Now being backed by Clearstream and the Luxembourg Stock Exchange, Origin has recently launched an instant-ISIN feature. This will provide immediate ISIN code allocation for Eurobonds and thereby significantly accelerate the bond issuance process, which for now remains a cumbersome, manual and repetitive procedure. Whilst the foreign exchange and equity markets have been digitised to a large extent, the fixed income capital markets continue to lag behind. To discuss how Origin are seeking to remedy this, we caught up with co-founder and CEO Raja Palaniappan.

Raja began by discussing his professional background and how he and his co-founder Robert Taylor came to the realisation that the bond market required digitising.

“Prior to starting Origin I was a corporate bond and credit derivatives trader.
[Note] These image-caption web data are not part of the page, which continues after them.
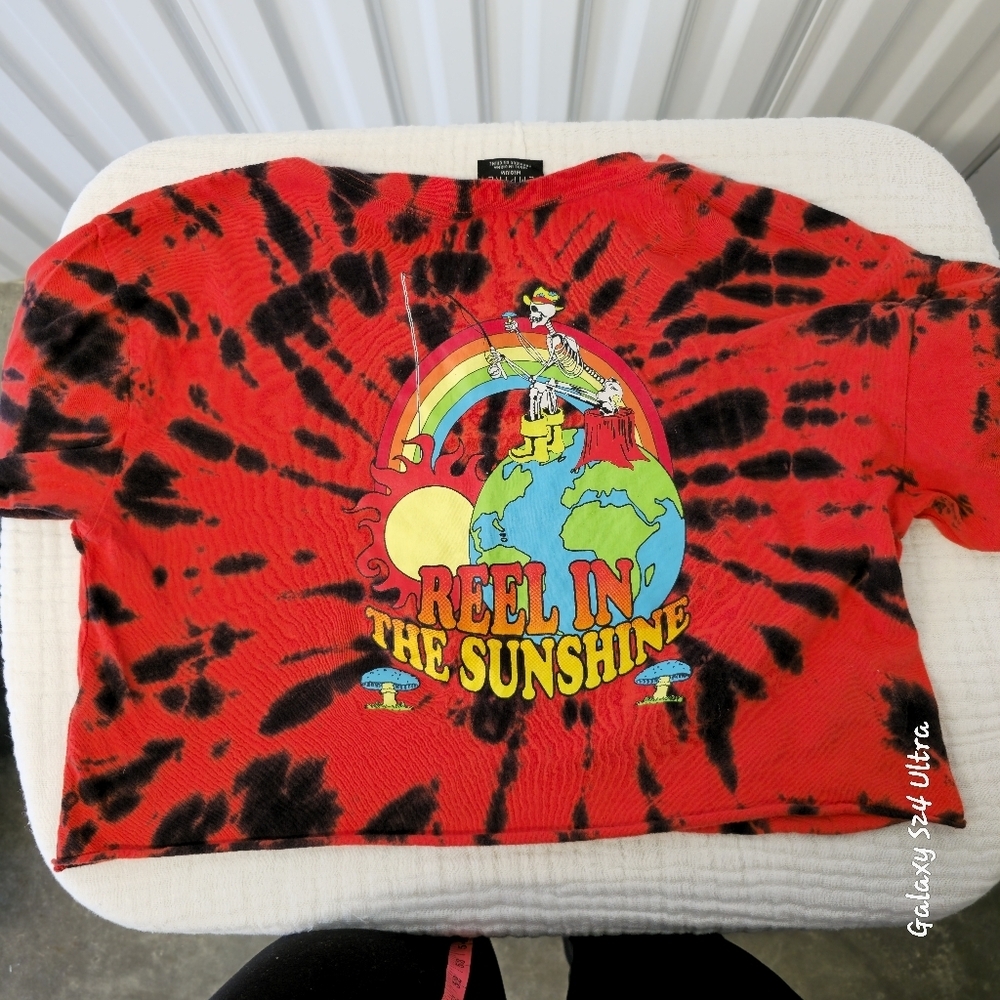 Tilly's Red Tie-Dye Cropped T-Shirt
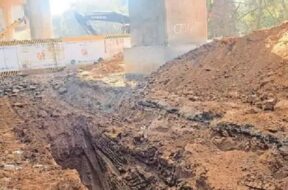 Gandhinagar, metro and drainage work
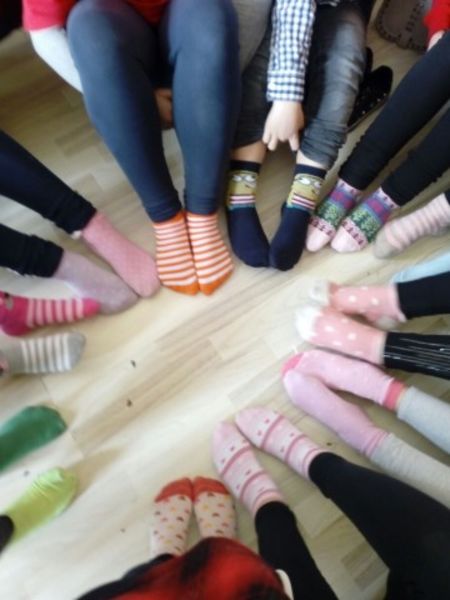 Дрескод  Шарени чорапи в бургаското ОУ "Елин Пелин" в подкрепа на хората със синдрома на Даун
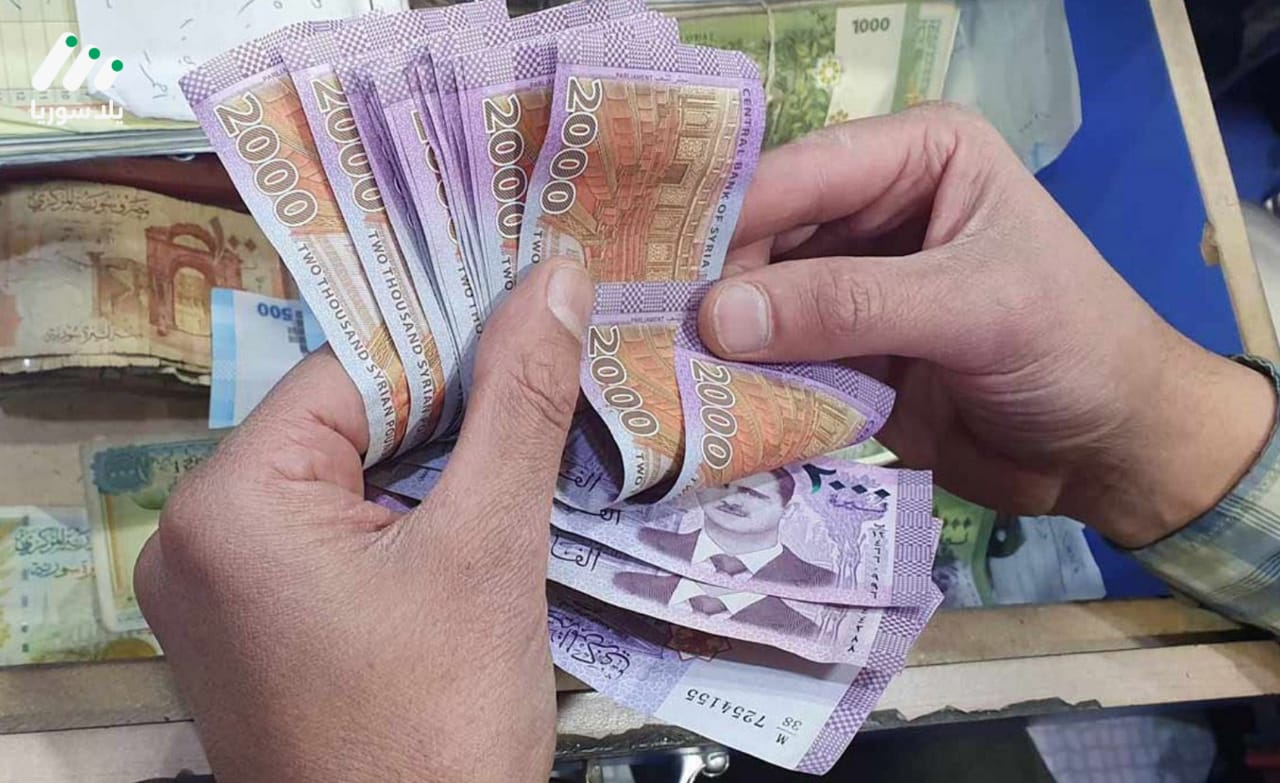 هذه الصورة تخص خبر سعر الليرة السورية مقابل الدولار والذهب، اليوم السبت 17 أيار 2025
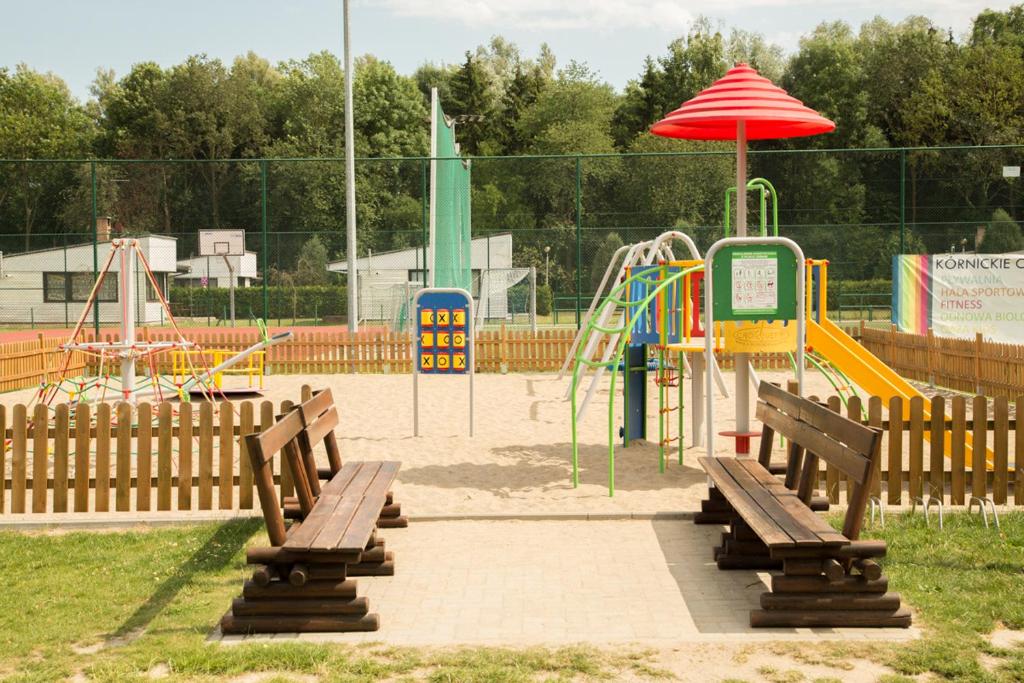 Detský kútik v ubytovaní Camping Oaza Błonie Kórnik Domki Standard - 3 pokoje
I was doing that for about seven years in London. I actually started my career at Lehmann Brothers – fun place to start! – and then moved on to Nomura and Credit Suisse. Nomura was where I met Robert Taylor who is now the CTO of the business. We were both traders there, and we started discussing the ideas that would eventually lead to the foundation of Origin.

“The primary thesis that we had was that technology had completely transformed other markets. The share markets and currency markets had been completely moved over to electronic trading around twenty years ago. But the fixed income market was lagging behind. Furthermore, efforts to digitise the bond market were focused on the secondary market and how bonds are bought and sold. But there was nothing going on in the primary market, looking at the process by which bonds are initially brought to the market.

“It’s a fairly frequent exercise – a large company or bank might come to the bond market up to a hundred times a year. A few times a week they’re issuing a new bond. This means it is a fairly repetitive and standardised process. But it also very manual and cumbersome – so we thought that technology is perfect for this.”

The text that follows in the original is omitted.